Rescue workers on Saturday were looking for more bodies from a migrant boat capsize off Libya that a UN official has called "the worst Mediterranean tragedy of this year", with at least 62 confirmed deaths so far.
About 145 migrants were rescued by the Libyan coastguard after their overloaded boat went down east of the capital near the port city of Khoms on Thursday. Aid agencies fear that scores of others had drowned, with the number of missing estimated at more than 110 by the International Organisation for Migration (IOM), and fishermen reported the waters were full of floating bodies.
The head of Libya's Red Crescent rescue unit said 62 bodies had been recovered by Friday.
"The bodies are still floating onto the shore continuously, it's not possible to give a total number," Abdelmoneim Abu Sbeih said.
Survivors reported there were about 400 people aboard when it went down, according to global charity Doctors Without Borders (MSF).
One of the fishermen who was the first on the scene to save the survivors recounted finding "bodies floating on the surface of the water where the boat went down".
The head of the UN refugee agency Filippo Grandi called the wreck "the worst Mediterranean tragedy of this year".

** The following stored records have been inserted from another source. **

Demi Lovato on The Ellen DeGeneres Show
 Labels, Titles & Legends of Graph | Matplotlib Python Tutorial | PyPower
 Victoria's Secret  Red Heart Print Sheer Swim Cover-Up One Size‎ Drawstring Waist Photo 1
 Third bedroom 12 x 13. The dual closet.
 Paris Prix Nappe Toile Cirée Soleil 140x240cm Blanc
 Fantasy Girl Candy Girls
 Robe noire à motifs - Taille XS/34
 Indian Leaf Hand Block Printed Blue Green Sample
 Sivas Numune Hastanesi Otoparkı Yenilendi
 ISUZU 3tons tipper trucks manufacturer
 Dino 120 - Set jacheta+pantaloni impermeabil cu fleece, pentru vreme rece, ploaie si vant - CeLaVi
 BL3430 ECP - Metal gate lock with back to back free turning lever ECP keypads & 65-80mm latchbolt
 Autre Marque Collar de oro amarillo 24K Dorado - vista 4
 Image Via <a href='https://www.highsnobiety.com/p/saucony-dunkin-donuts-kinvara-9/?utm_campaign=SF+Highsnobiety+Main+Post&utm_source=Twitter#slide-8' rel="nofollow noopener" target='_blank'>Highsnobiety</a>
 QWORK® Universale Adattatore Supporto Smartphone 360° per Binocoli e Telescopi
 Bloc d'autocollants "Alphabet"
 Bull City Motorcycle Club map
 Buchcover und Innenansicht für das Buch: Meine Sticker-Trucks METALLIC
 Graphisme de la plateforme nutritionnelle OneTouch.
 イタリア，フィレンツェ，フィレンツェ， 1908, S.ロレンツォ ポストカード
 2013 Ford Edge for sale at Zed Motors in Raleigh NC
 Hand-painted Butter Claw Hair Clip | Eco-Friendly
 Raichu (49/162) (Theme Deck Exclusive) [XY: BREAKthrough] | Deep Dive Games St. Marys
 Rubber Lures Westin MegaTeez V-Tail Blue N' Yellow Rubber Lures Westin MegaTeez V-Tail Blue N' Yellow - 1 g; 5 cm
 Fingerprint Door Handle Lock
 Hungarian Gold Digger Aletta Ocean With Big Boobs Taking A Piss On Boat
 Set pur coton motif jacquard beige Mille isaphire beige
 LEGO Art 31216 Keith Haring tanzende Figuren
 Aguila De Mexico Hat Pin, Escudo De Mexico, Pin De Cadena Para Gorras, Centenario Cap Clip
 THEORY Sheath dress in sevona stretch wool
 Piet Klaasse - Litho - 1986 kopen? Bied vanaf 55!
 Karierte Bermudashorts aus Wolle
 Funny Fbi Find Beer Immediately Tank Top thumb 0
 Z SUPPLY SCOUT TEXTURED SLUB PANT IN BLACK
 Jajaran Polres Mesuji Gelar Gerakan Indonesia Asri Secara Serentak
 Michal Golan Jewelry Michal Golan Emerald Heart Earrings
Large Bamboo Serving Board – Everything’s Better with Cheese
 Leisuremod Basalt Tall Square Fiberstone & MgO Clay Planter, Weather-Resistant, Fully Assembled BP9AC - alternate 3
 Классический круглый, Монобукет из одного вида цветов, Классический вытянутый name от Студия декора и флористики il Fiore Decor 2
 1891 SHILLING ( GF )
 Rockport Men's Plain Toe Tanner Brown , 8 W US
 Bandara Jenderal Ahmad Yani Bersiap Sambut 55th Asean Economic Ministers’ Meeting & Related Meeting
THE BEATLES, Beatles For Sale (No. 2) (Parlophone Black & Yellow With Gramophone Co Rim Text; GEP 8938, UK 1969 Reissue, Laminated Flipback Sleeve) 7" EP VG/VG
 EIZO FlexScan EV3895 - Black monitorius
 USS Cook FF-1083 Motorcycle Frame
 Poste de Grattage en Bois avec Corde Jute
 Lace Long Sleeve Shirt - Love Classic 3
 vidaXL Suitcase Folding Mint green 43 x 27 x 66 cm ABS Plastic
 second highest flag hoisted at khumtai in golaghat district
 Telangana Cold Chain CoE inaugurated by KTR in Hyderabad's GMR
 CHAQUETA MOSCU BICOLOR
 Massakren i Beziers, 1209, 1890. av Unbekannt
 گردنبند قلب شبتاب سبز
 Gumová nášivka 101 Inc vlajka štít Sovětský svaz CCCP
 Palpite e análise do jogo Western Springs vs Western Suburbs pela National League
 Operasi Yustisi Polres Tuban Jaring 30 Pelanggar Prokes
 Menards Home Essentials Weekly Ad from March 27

Libyan navy spokesman General Ayoub Kacem said most of the rescued migrants were from Eritrea, although Palestinians and Sudanese were also among the group waiting to be taken on to reception centres.
A member of the Libyan coast guard said the outfit did not have the means to launch a high seas search and would "have to wait for the sea to return the bodies so we can pick them up".
Local authorities were gathering and storing bodies of the victims but were facing numerous problems and struggling to find burial places for them, a municipal source in Khoms told Agence France-Presse.
UN chief Antonio Guterres said he was "horrified" by the latest tragedy at sea.
"We need safe, legal routes for migrants and refugees. Every migrant searching for a better life deserves safety and dignity," he tweeted.
The migrants had been apparently headed out to sea on three boats lashed together, according to MSF mission chief Julien Raickman.
One of the survivors, a 28-year-old Eritrean Abdallah Osman, recounted how their boat started taking on water about 90 minutes after setting out to sea hoping to reach Europe. "The Egyptian captain decided to turn back," he said.
Mr Osman said a passing ship saw that their boat was in distress but took no action.
MSF nurse Anne-Cecilia Kjaer met with survivors, including some who had "swallowed a lot of sea water and had respiratory" problems.
"Many children could not swim, and even those who knew how to succumbed to exhaustion," she said.
Ms Kjaer said the migrants were already traumatised from dangerous journeys across deserts where they were "captured by traffickers, subjected to violence and torture".
The capsize came only a few weeks after at least 68 migrants died when an Italy-bound boat sank off Tunisia.
Before the latest shipwreck, the United Nations High Commissioner for Refugees and the IOM said 426 migrants had perished in the Mediterranean this year.